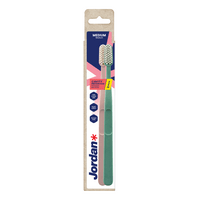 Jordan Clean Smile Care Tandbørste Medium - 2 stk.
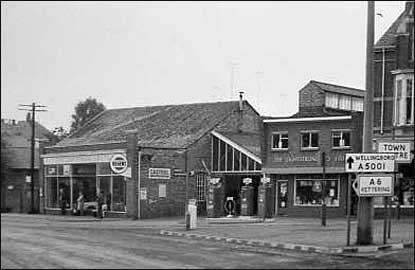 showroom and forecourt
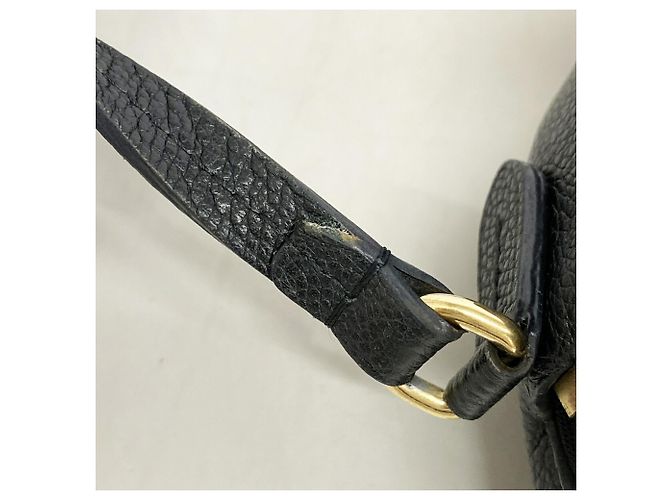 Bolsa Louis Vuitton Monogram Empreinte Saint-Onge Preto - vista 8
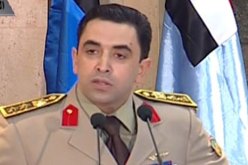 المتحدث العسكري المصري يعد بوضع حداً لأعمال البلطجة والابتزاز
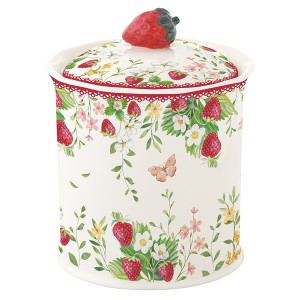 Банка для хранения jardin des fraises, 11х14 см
____
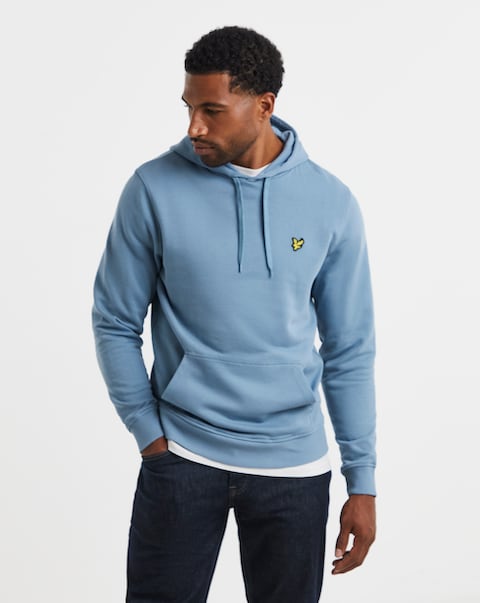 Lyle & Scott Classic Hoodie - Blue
____
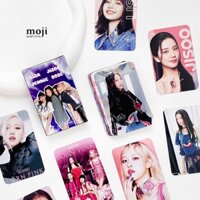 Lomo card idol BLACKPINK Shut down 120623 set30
____
** PROBLEM TO SOLVE **
Leaving each picture behind, please give again exactly the lines above from the one with "Bolsa Louis Vuitton" through the one with "Банка для хранения", both included, and no others.

** TASK ANSWER **
 Bolsa Louis Vuitton Monogram Empreinte Saint-Onge Preto - vista 8
 المتحدث العسكري المصري يعد بوضع حداً لأعمال البلطجة والابتزاز
 Банка для хранения jardin des fraises, 11х14 см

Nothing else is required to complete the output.